2018 ESA Annual Meeting (August 5 -- 10)

COS 47-4 - Habitat fragmentation, degradation, and loss modify consumer pressure in coastal marine ecosystems: A meta-analysis

Tuesday, August 7, 2018: 2:30 PM
353, New Orleans Ernest N. Morial Convention Center
Juhyung Lee1, Fiorenza Micheli1 and Rodolfo Dirzo2, (1)Hopkins Marine Station, Stanford University, Pacific Grove, CA, (2)Department of Biology, Stanford University, Stanford, CA
Background/Question/Methods

With intensifying anthropogenic disturbances, coastal habitats dominated by foundation species such as seagrass, corals, and salt marsh plants have changed drastically during the past century, becoming smaller, fragmented, and structurally degraded. Yet, our understanding of how these changes impact key ecosystem processes such as consumer-resource interactions, is still limited.
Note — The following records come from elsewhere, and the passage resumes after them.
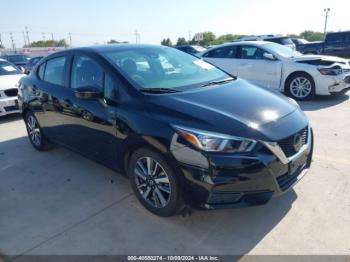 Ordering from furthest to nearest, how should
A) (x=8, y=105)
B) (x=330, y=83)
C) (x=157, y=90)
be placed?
(x=330, y=83), (x=8, y=105), (x=157, y=90)

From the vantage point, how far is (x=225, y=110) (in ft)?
9.46

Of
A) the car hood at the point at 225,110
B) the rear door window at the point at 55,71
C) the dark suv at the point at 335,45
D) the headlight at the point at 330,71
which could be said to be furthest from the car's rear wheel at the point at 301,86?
the dark suv at the point at 335,45

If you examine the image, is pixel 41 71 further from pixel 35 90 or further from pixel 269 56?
pixel 269 56

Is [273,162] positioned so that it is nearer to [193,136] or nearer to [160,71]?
[193,136]

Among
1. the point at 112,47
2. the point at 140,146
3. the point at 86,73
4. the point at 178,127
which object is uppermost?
the point at 112,47

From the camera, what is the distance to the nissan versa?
8.55 feet

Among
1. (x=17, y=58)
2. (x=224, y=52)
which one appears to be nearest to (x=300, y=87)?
(x=224, y=52)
We conducted a systematic review and meta-analysis of 195 papers and 828 studies to examine how ongoing habitat changes (i.e., patch size reduction, fragmentation per se, increased habitat edge, reduced habitat connectivity, and loss of structural complexity) are modifying predation and herbivory pressure in key coastal habitats (e.g., seagrass bed, coral reef, salt marsh, oyster reef, mangrove forest, and macroalgal bed).

Results/Conclusions

Our analysis revealed an overall increase in resource consumption associated with ongoing habitat changes, with this effect consistent across different trophic levels (primary, secondary, and tertiary or higher-level consumers). Patch size reduction increased overall resource consumption and herbivory, but not predation. While fragmentation per se had no effect, both herbivory and predation were strongly elevated at habitat edges. Decreasing connectivity between different habitats increased herbivory, but reduced predation. Finally, loss of structural complexity within the same habitat type increased predation by tertiary or higher-level consumers only, whereas shifts toward different habitats with lower structural complexity increased resource consumption for all trophic levels. These results provide interesting contrasts with patterns from recent reviews and meta-analyses of terrestrial studies, where similar types of habitat change tend to reduce or do not affect the strength of consumer-resource interactions. We hypothesize that this difference may be attributed to a higher prevalence of habitat generalists among marine consumers, whose spatial distribution and foraging activity may be negligibly or even positively affected by fragmented seascapes. In conclusion, our study suggests that ongoing changes in seascape and habitat structure have the potential to modify marine consumer-resource interactions, and therefore have important implications for the resilience of coastal habitats under global change.